Lesson 5: Categorical Covariates

Modified

January 29, 2025

Muddy Points from 2025

1. I was a little confused on the part where if each categorical variable, with their respective betas, have each their own residuals for their respective category?

Residuals are always tied to the expected outcome. Since each category has a different expected outcome (based on their respective estimated coefficients), the countries from same category will have the same expected outcome (in SLR). Thus, for countries in the same category, their residuals (\(\widehat{\epsilon} = Y_i - \widehat{Y_i}\)) will all have the same \(\widehat{Y_i}\)

2. Factors: What was meant by in order to change the reference level, we need to convert it to data type factor? / Can you quickly explain what a factor is and why we had to convert to a factor to change the reference value?

Good question! Factors is one of the coding options in R for categorical variables. Different from characters or strings, factors allow you to attach specific attributes to the variable. This includes assigning order to the categories and setting reference levels.

3. I’m not really sure how using linear models on categorical variables is useful since you can’t make predictions like you can with continuous data

You can make predictions! “Predictions,” for how we used it with continuous predictors/covariates, is just the expected outcome for a given X. For categorical covariates, the expected outcome given X is the mean of each categorical group.

With only one variable in the model, it might feel more appropriate to use something like the ANOVA table, but we do not typically have only one variable in the model. This is just to help us set up the foundation of linear regression and understand categorical covariates in our model before we move to multiple linear regression.

Muddy Points from 2024

1. Why do we need to create a new variable for ordinal / scoring?

Otherwise R will treat income as non-ordinal, and use the default reference cell coding. So if we want our variables to be scored (and numeric) then we must put it in a form R can recognize.
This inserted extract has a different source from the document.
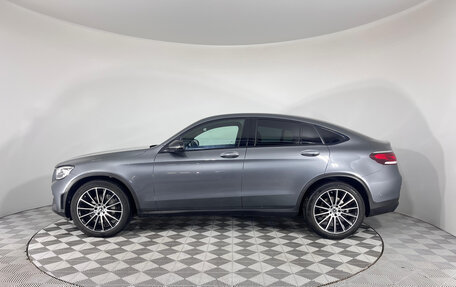 Mercedes-Benz GLC Coupe, 2021 год, 3 997 000 рублей, 8 фотография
2. I’m a little confused on how the R code works for recoding/reordering our variables, specifically 1) why we use the mutate function but then use the same name for the variable/how that works and 2) why you need to include the list of each variable name in a vector. Basically, what each piece of that code does exactly and why it’s needed.

Mutate is just a function to create/change a variable. So if we are not fundamentally changing any aspect of the variable, we can call it by the same name. Helps keep our data frame neat by not tacking on additional variables.
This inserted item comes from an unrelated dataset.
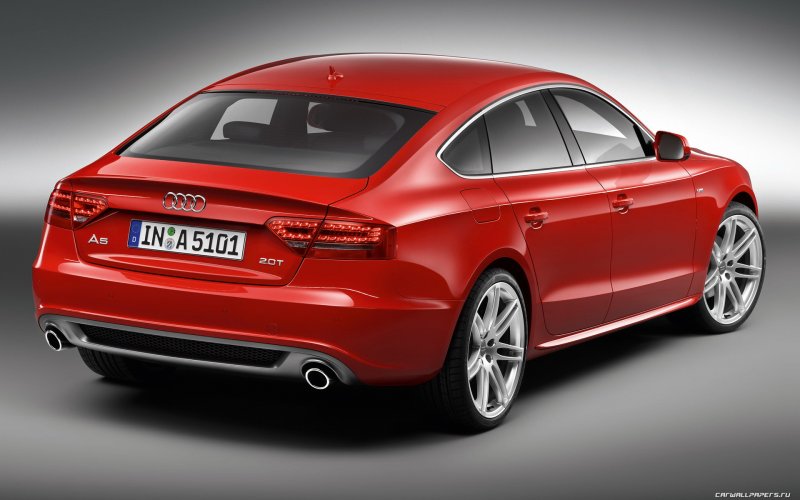 Audi a5 Sportback 2014
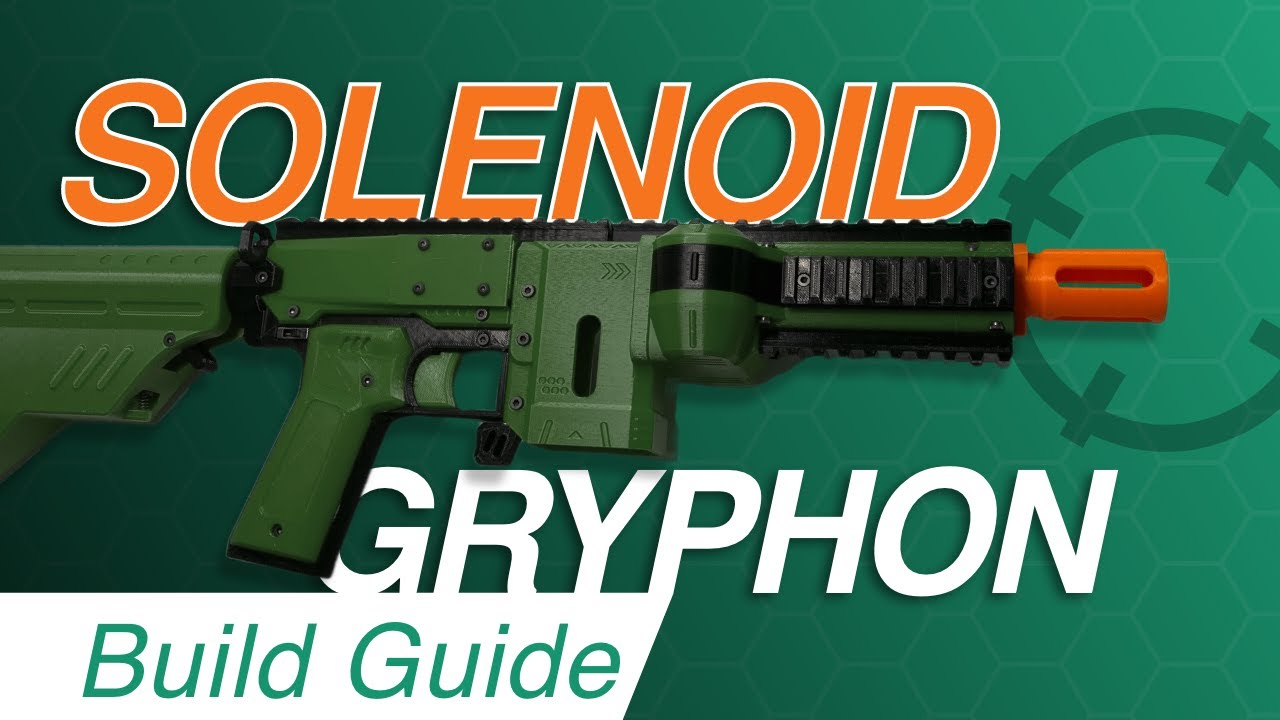 Gryphon : Solenoid Build Guide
When I am including the list of levels I am giving R the exact order to read each level. So if I want to go from high income to low income, I would reset the levels to the below code. Then R would read high income as the first level.

gapm2 = gapm2 %>%
 mutate(income_levels = factor(income_levels, 
            ordered = T, 
            levels = c("High income", 
                       "Upper middle income", 
                       "Lower middle income", 
                       "Low income")))

3. Is there a rationale or strategy in choosing the most appropriate reference group?

Often no, not if the groups are not ordered. Things that you may consider:

Is there a central group that you want to make comparisons to?
Is there any social consequences of continually centering comparisons to one group? We may be consequentially centering the narrative around that group.
When we interpret the coefficients, is there one group as the reference that makes it a little easier to interpret? (this has more of an effect in 513)

4. How do we build the regression indicators?

In R, we don’t need to build the indicators. If we have a variable that is a facotr with mutually exclusive groups, then R will automatically create the indicators within the lm() function.